The third piece, "Blå By Blå," returns to a more intense mode. Nilssen-Love's assorted heaps of sound are in perfect sync with the open-ended time keeping of Flaten, whose low end storms nicely mirror Yagi's dark and passionate waves of sound. The last piece, "Stavanger Blues," is another example of how the rich languages of these excellent musicians can meet, without compromising their individual essences and without overpowering each other. Flaten and Nilssen-Love swirl around Yagi and offer imaginative, spacious but solid rhythmic textures for her extended koto workouts.

A brilliant and challenging album and, it is to be hoped, one to be followed by other collaborations between these three fine musicians.

Michiyo Yagi
Seventeen
Zipangu Products
2005

Seventeen was recorded only two months after the Superdeluxe gig, but offers a completely different concept.
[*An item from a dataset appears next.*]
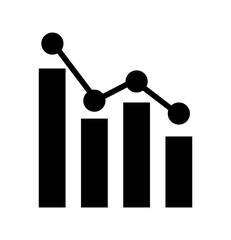 business graph icon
It is actually the first album-length solo recording ever of the 17-string bass koto. A fairly recent version of the standard koto, the instrument was first commissioned by the renowned player, the late Michio Miyagi, almost ninety years ago. Yagi included a solo bass koto piece on Shizuku and has used the larger instrument in other projects.

The opening piece, "Obsidian," is slow and gentle, almost minimalist, with a simple melody. "Rouge" is much more lively, charged with rock energy, and features Yagi's ability to build a solid bass line and improvise on it, playing around with the theme until the noisy conclusion of the piece, where she jangles the strings to great effect. On "Sedna," Yagi's tribute to her collaborator, the bassist Mark Dresser, she begins with slow and low bowing, then adds plucked notes as the piece acquires a haunting texture. The resonating bass strings contribute to the eerie atmosphere, but Yagi navigates its 13 minutes in an organic manner, continually adding intriguing new ingredients to her virtuosic playing.

"Topaz" is a beautifully melodic piece that brings to mind the repertoire of Scottish harp player Robin Williamson. Its repeated theme lingers in your mind for days. The second longest piece, "The Storyteller," begins with a similarly Celtic harp association, but presents a more meditative and cinematic narrative. Yagi develops the piece meticulously, caressing each resonating string and note, while the story takes on subplots and subtexts. "Suetsumuhana" (safflower) is slow and stark and features Yagi on the lowest end of the koto. Her repitition of the notes give the tune an almost ceremonial flavour. The concluding piece, "Deep Green Sea," offers another captivating melody, that flowers with fresh colors and nuances.

An impressive achievement by an accomplished player of this unique instrument.

Visit Michiyo Yagi on the web.


Tracks and Personnel

Live! at SuperDeluxe

Tracks: Intro/Monsoon/Ai No Corrida; Bow Derek; Blå By Blå; Stavanger Banger.

Personnel: Michiyo Yagi: electroacoustic 21 and 17-string kotos; Ingebrigt Håker Flaten: contrabass, electronics; Paal Nilssen-Love: drums.

Seventeen

Tracks: Obsidian; Rouge; Sedna (For Mark Dresser); The Bicycle Ride; Topaz; The Storyteller; Suetsumuhana; Deep Green Sea.

Personnel: Michiyo Yagi: 17-string bass koto.